Data for this exercise Start Marker

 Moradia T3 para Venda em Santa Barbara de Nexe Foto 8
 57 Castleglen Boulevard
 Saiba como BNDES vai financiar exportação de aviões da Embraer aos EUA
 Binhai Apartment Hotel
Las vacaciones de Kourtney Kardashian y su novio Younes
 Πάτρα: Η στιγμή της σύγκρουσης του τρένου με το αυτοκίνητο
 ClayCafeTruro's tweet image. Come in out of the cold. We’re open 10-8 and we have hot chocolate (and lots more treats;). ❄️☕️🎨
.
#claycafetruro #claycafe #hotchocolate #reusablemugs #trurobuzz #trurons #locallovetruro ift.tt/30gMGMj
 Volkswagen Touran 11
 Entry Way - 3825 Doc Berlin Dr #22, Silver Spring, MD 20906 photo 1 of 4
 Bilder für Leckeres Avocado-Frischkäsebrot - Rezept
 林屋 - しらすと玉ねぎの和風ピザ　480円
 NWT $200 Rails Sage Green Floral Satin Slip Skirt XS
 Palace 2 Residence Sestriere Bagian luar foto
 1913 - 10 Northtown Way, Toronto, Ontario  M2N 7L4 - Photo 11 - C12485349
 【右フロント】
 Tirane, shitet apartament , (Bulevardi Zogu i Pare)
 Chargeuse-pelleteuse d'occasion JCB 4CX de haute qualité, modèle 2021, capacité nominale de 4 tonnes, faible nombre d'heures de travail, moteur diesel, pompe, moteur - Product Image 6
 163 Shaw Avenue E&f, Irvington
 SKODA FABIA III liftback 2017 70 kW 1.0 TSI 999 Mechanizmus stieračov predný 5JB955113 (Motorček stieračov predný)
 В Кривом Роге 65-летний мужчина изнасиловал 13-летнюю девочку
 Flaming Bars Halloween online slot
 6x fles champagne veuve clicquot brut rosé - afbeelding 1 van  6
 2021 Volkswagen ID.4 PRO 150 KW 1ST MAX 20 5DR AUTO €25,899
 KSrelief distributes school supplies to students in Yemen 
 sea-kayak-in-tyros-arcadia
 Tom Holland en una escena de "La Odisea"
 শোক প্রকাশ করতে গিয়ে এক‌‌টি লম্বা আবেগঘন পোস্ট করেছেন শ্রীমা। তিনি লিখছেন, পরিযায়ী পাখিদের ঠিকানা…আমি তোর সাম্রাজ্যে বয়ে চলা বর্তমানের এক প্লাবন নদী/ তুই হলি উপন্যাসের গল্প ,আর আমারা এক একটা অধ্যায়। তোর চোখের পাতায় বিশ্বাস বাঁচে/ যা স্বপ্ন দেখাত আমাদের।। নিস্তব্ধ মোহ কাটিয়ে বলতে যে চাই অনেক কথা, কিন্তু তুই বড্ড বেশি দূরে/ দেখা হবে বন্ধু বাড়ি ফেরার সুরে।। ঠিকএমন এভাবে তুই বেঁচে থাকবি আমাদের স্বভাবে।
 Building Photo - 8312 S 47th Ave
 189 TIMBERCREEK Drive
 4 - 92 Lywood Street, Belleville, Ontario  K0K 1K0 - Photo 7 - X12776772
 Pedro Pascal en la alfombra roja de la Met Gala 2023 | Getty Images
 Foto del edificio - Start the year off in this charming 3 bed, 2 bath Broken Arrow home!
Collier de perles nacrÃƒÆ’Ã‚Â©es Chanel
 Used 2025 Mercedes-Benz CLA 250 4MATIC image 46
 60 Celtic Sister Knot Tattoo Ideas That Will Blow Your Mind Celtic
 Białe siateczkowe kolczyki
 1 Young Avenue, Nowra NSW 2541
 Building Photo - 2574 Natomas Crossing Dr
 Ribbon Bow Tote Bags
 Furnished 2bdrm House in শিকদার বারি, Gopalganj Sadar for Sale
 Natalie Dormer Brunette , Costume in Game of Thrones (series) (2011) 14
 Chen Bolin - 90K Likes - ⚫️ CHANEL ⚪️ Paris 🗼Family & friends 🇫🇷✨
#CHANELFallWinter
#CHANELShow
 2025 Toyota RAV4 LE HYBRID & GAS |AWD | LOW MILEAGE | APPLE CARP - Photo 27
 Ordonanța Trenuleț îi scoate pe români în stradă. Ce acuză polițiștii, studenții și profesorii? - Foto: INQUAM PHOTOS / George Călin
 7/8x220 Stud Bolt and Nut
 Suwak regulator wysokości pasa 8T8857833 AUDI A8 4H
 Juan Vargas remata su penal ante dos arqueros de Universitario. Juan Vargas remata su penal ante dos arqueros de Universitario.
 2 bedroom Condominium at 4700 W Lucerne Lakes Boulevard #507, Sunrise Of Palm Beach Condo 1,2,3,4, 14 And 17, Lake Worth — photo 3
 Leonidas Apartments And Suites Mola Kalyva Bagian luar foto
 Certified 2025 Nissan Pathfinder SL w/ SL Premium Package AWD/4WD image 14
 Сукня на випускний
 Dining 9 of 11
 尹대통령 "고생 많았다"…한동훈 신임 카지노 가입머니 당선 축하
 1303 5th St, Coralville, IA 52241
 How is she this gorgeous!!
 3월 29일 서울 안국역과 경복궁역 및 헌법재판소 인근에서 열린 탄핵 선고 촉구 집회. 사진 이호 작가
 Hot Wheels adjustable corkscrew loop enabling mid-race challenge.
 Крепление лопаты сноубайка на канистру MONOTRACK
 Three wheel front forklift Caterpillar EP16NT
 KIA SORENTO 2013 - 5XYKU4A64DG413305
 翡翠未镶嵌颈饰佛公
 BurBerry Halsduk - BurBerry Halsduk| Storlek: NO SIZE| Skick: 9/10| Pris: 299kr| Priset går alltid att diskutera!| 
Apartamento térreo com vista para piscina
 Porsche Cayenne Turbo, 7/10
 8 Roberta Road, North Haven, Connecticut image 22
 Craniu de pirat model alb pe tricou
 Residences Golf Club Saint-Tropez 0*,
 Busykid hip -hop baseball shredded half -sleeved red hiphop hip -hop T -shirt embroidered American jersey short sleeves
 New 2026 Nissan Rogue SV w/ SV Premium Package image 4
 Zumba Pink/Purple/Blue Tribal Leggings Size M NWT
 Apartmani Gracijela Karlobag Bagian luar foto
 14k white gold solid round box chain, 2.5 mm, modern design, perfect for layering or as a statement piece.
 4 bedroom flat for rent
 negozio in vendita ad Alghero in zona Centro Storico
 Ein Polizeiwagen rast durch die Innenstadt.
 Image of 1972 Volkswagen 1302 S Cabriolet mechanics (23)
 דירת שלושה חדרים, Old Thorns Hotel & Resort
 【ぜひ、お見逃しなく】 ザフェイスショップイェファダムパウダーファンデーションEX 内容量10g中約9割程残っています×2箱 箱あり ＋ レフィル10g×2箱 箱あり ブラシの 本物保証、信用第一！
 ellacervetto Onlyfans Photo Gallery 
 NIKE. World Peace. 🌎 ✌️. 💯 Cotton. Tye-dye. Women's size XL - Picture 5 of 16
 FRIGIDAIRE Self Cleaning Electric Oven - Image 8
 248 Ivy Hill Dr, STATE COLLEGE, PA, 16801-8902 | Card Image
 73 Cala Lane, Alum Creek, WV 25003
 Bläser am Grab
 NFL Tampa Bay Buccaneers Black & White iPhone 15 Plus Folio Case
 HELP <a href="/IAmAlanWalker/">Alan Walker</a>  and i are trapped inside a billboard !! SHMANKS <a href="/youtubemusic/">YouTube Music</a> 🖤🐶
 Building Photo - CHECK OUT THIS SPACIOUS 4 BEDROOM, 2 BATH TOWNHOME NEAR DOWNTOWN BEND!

Data for this exercise End Marker

*Activity:*
From the entries above, copy every line that holds the word "Hotel".

*Expected output:*
 Binhai Apartment Hotel
 דירת שלושה חדרים, Old Thorns Hotel & Resort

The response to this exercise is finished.